Is vision a settler’s dream?
It was presented to me a while back how the term ‘vision’ has a connotation of one knowing ‘better’ than the others and bordering on believing in a ‘manifest destiny’. This idea holds that when someone carries a ‘vision’ they believe all that is before them is for the taking, and no one was there before. Therefore, God wants us to have it. Vision then becomes about conquest and reward.
Is vision a fool’s errand?
For most, ‘vision’ has been presented as a strategy formed in a vacuum, that will somehow work out no matter what happens, or what anyone says. Who knows the future? How does this strategy fit with the story of every person it involves? It becomes an extra to the story of the community, not the story of the community encountering life together.

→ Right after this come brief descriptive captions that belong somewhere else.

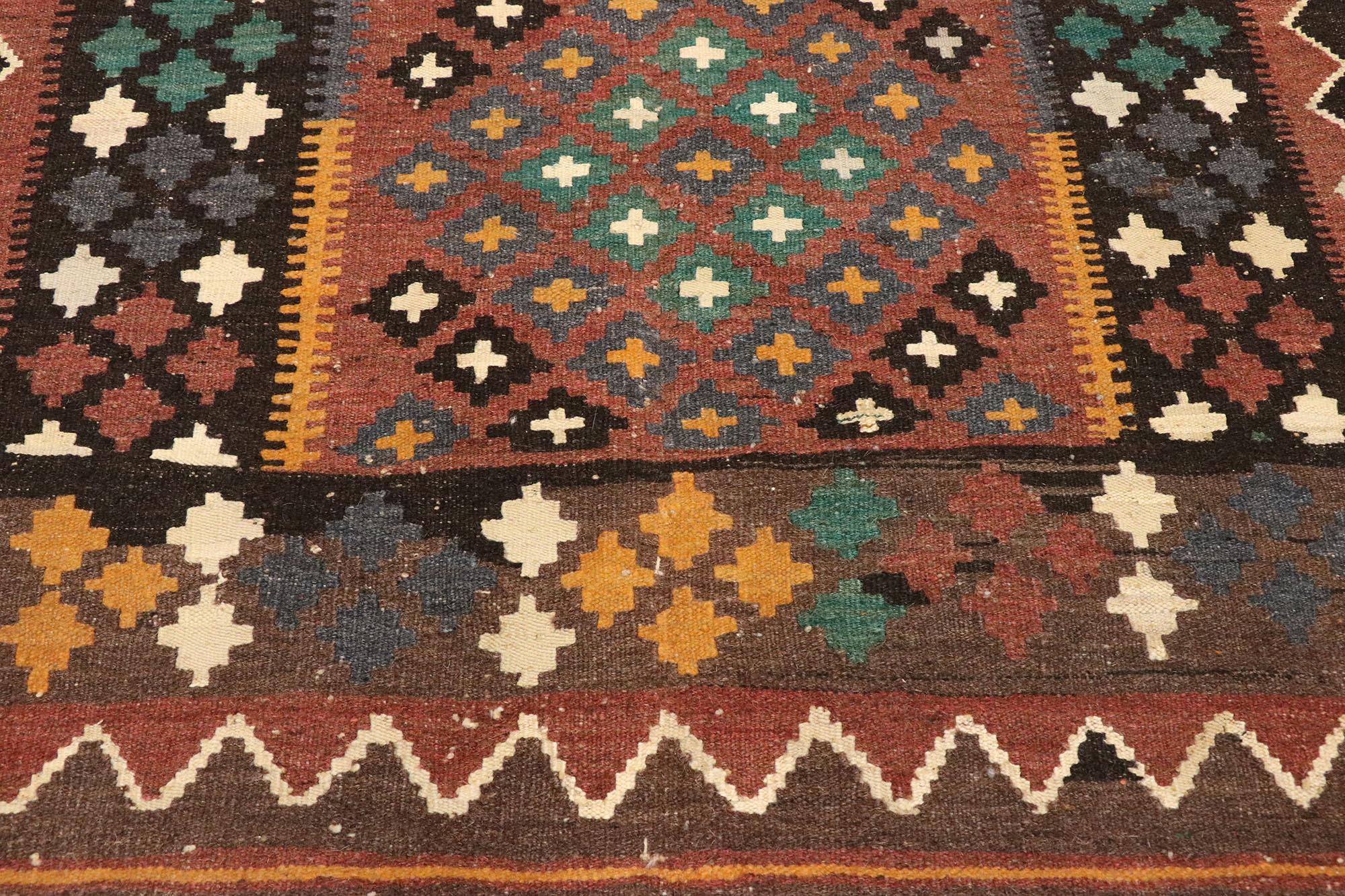 Vintage Afghan Kilim Rug with Rustic Modern Pacific Northwest Style In Good Condition In Dallas, TX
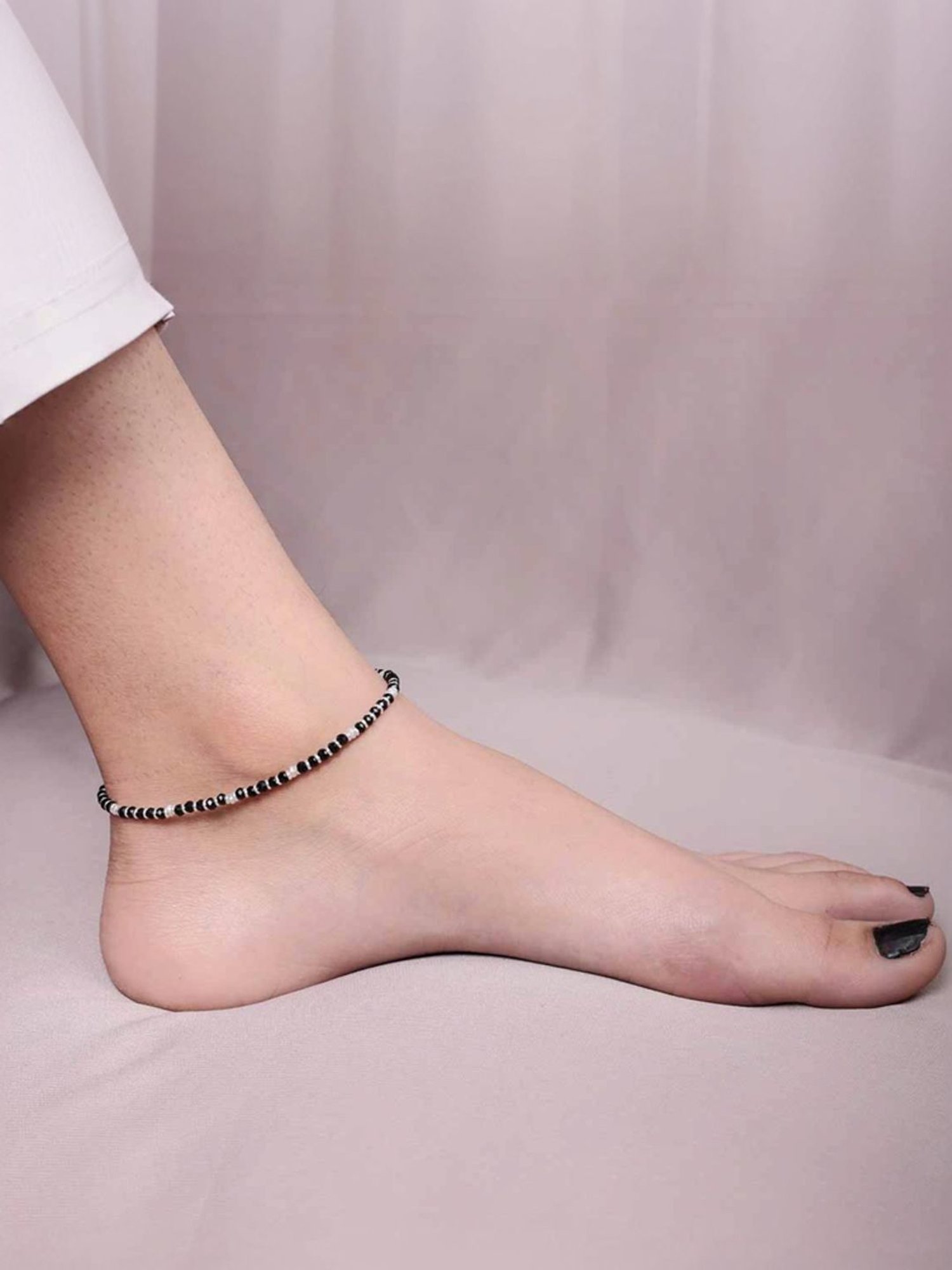 Arte Jewels 925 Sterling Silver Black and White Beads Anklet for Women & Girls (Single)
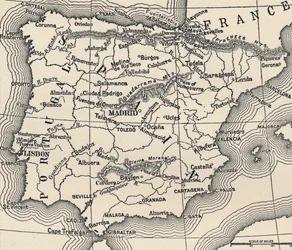 Karta över den spanska kampanjen, c1807-1814, 1896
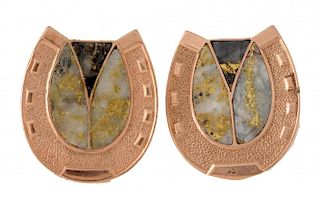 Pair of Solid Gold Cufflinks Horseshoe Design.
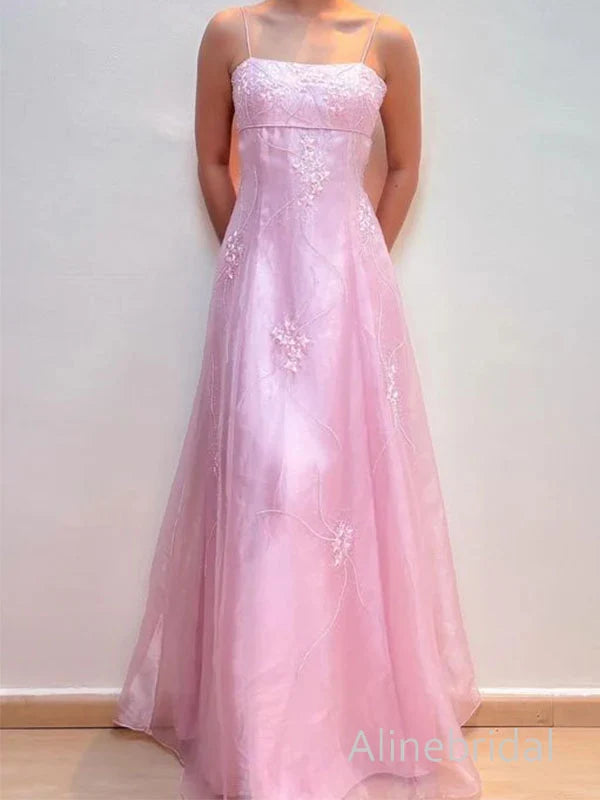 Elegant Pink Floral Beaded Backless A-line Prom Dress, Evening Dress, PD3822994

What do I think of the term ‘vision’?
Vision is seeing through the shadows that block the light on our path.
Not to badly paraphrase or contradict my past posts, but vision has to fit in the community, personally relevant in context, and consider a future that the Spirit may be instilling within the story of you and me. Vision is not about conquest, it is about hopeful existence. We look ahead based on where we have already gone, learning and leaning on experiences, with a realistic understanding of where we are today. Vision may not even be goal oriented because it is about deepening rather than sitting in the shallows of our journey.
So what about you? How do you view the term ‘vision’ in your setting? For yourself?